Не осталось и следа от светской естественности, с какой он всего-то десять-пятнадцать лет тому назад, еще молодым человеком, мог отправиться за 200 марок на свой страх и риск в путешествие в переполненных почтовых поездах на другой конец евразийского континента. Эта разница очень точно показывает разрыв, возникший с тех пор в системе материальных и личностных коммуникаций. Метафора «железного занавеса», отделившего Советскую Россию от остальной Европы, возникла впервые не во времена «холодной войны» после 1947 г., а еще в эпоху cordon sanitaire. Этот кордон призван был противостоять большевизму и его возможному распространению и одновременно «непобедимому на поле битвы» Германскому рейху и его потенциальному альянсу с новой Россией. При этом Союз Советских Социалистических Республик, выкованный в огне братоубийственной Гражданской войны, уже готовился, несмотря на всю свою интернационалистскую риторику, уйти в блистательную самоизоляцию и замкнуться в добровольно наложенном на себя карантине. В связи с тем, что после провалившегося марша на Варшаву и Центральную Европу и аннексии республик Закавказья он уже не мог более расширяться, он все больше и больше, причем с параноидальными обоснованиями, отгораживался от прочего мира.
Надо признать, что наряду с восстанавливаемым — ценой огромного труда — железнодорожным сообщением в 1920-е гг. появились новообразованные или возобновившие свою деятельность морские и воздушные пути сообщения, монополию на которые имели прежде всего такие германо-российские фирмы, как «Дерутранс» и «Дерулюфт», причем поначалу большую часть пароходов, подвижного состава и самолетов поставляли немецкие партнеры, «Гапаг-Ллойд» и основанная в 1926 г. «Люфтганза». Но эта восстановленная транспортная связь была не только всесторонне регламентирована, но и определенно означала теперь «переход из одного полушария в другое: начиная с этого момента каждая поездка в Советский Союз… содержит обязательную “железнодорожную главу”, посвященную маленькому, ничем не выделяющемуся транзитному пункту Негорелое на линии Берлин — Варшава — Москва»{1024}.
Берлин. Восточный вокзал
Тем не менее в Берлине 1920-х гг. Россия была представлена в таком масштабе, который по густоте еще раз затмил все, что было раньше, и все более позднее{1025}. Этот феномен, однако, лишь частично был следствием естественной культурной близости прежних лет. Привлекательность и насыщенность этого обмена имела теперь прямую связь с новой культурной дистанцией или чуждостью. А для значительной части участников и затронутых это была жизнь в чрезвычайных обстоятельствах.
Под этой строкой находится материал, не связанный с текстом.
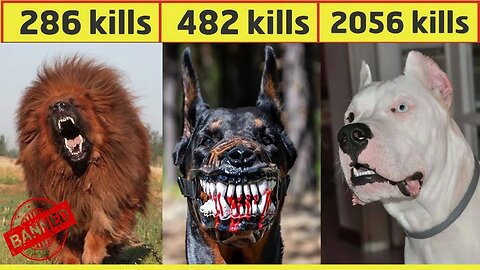 10 Most Dangerous Dog Breed IN The World IN Urdu/Hindi Largest Dog Breed| Pet Dog
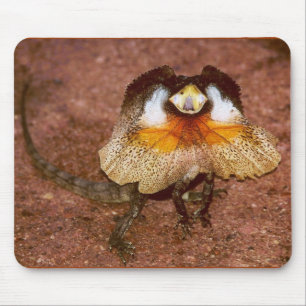 Frilled Lizard - Chlamydosaurus kingii Mouse Pad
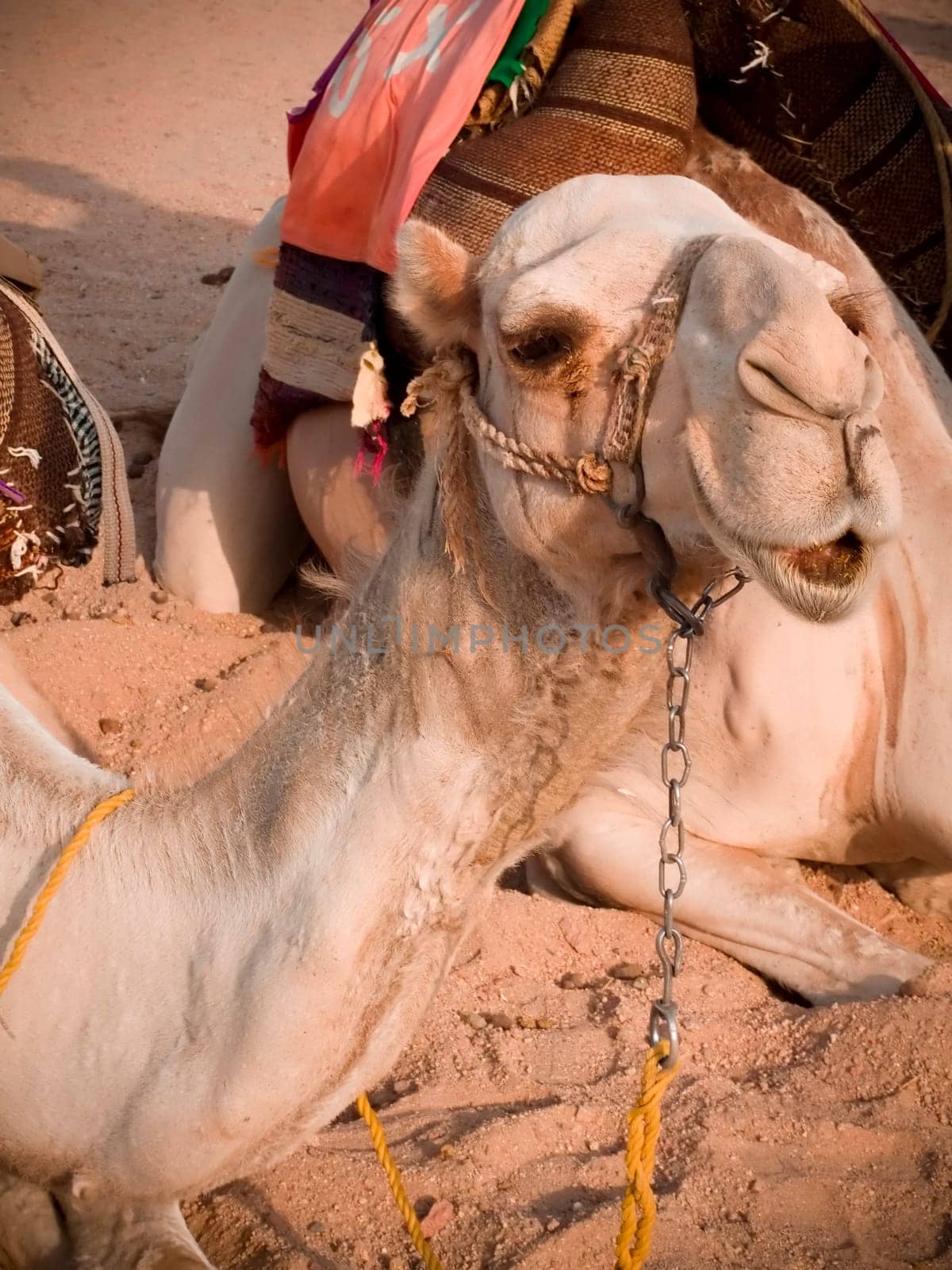 Egyptian camel in a desert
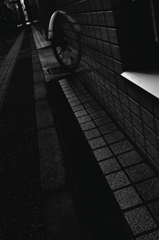 雨上がりの朝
Это касалось не только сотен тысяч эмигрантов, образовывавших в течение десятилетия ядро «русского Берлина» вместе с немецко-российскими и немецко-балтийскими переселенцами на родину и беженцами, которые в основном еще выдавали себя за «русских» и как «русские» воспринимались. Это относилось также к кочующим, как маятник, между Москвой и Берлином, Россией и Западом, мечущимся между «красными и белыми» художникам и писателям, чьи пространства для деятельности — материальные, интеллектуальные и духовные — постоянно сужались. И это, вероятно, могло считаться другим путем для многих командированных специалистов по экономике и инженеров, военных и торговых представителей, издательских работников или ученых, живших в конфликте между заданием и убеждением. И, разумеется, это относилось к засланным и внедренным кадрам Коминтерна, ГПУ или Красной армии, получавшим в Берлине новые имена и инструкции на пути к полям сражений воображаемой мировой революции.